• Assigned task:
In your copy of the data, include no pictures and alter nothing else.

• Given information:

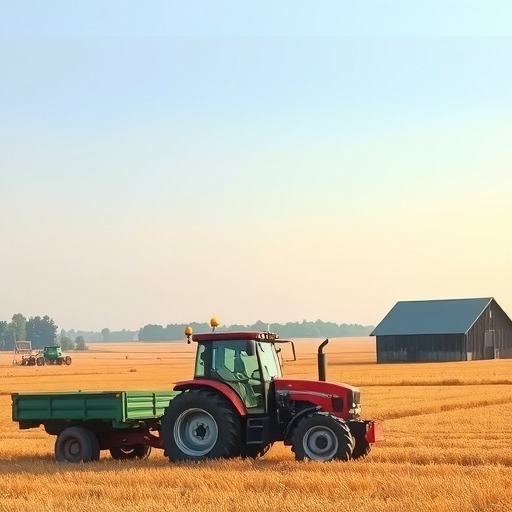 2021年中国农民丰收节金秋消费季在京启动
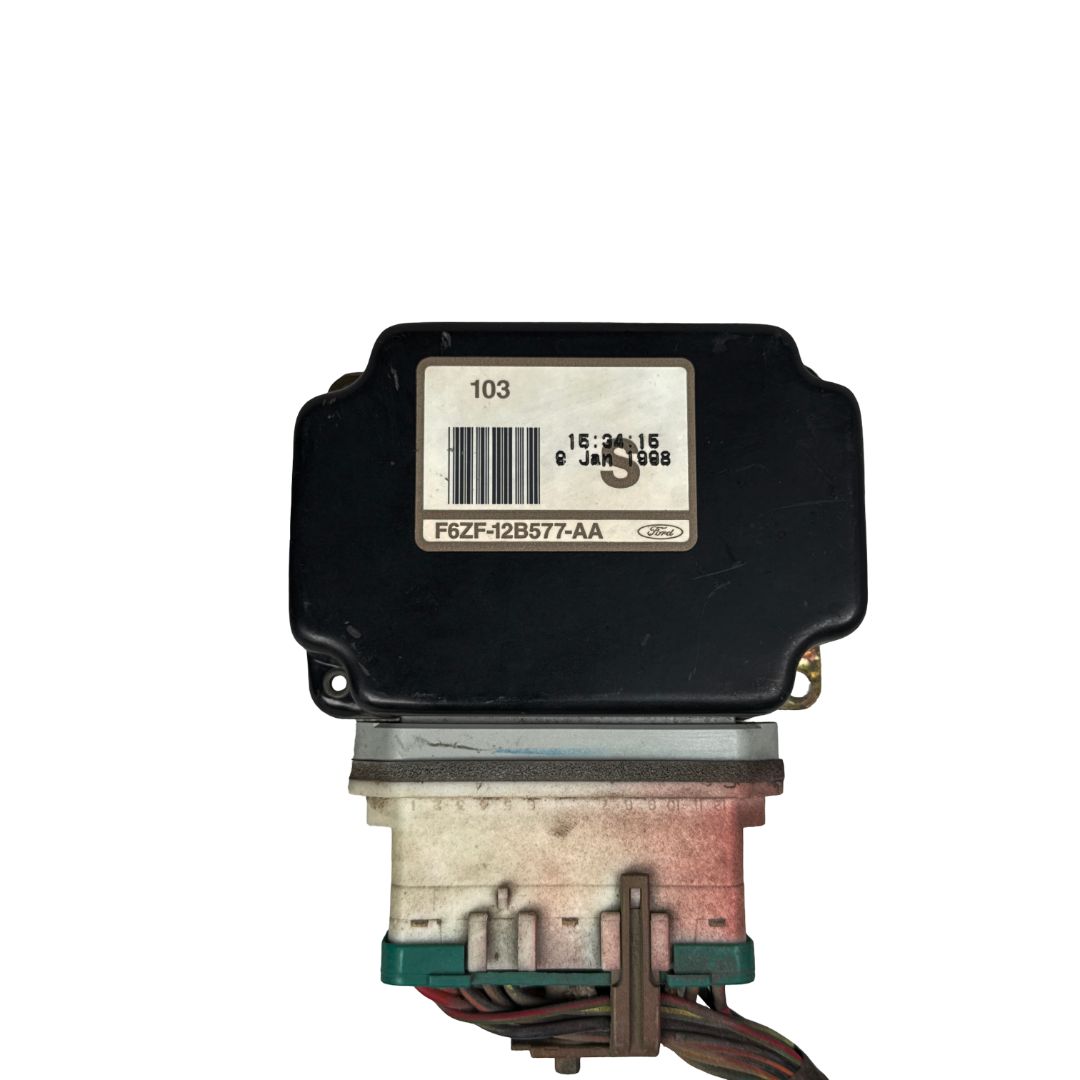 1994-1998 Ford Mustang Constant Control Relay Module CCRM OEM F6ZF-12B577-AA - Photo 1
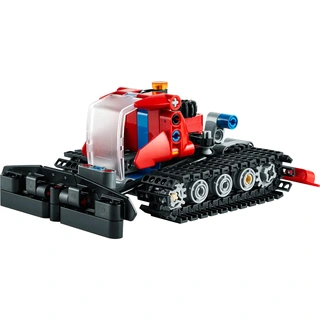 LEGO Technic 42148 Sneeuwschuiver - afbeelding 1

• Response to this task:
 2021年中国农民丰收节金秋消费季在京启动
 1994-1998 Ford Mustang Constant Control Relay Module CCRM OEM F6ZF-12B577-AA - Photo 1
 LEGO Technic 42148 Sneeuwschuiver - afbeelding 1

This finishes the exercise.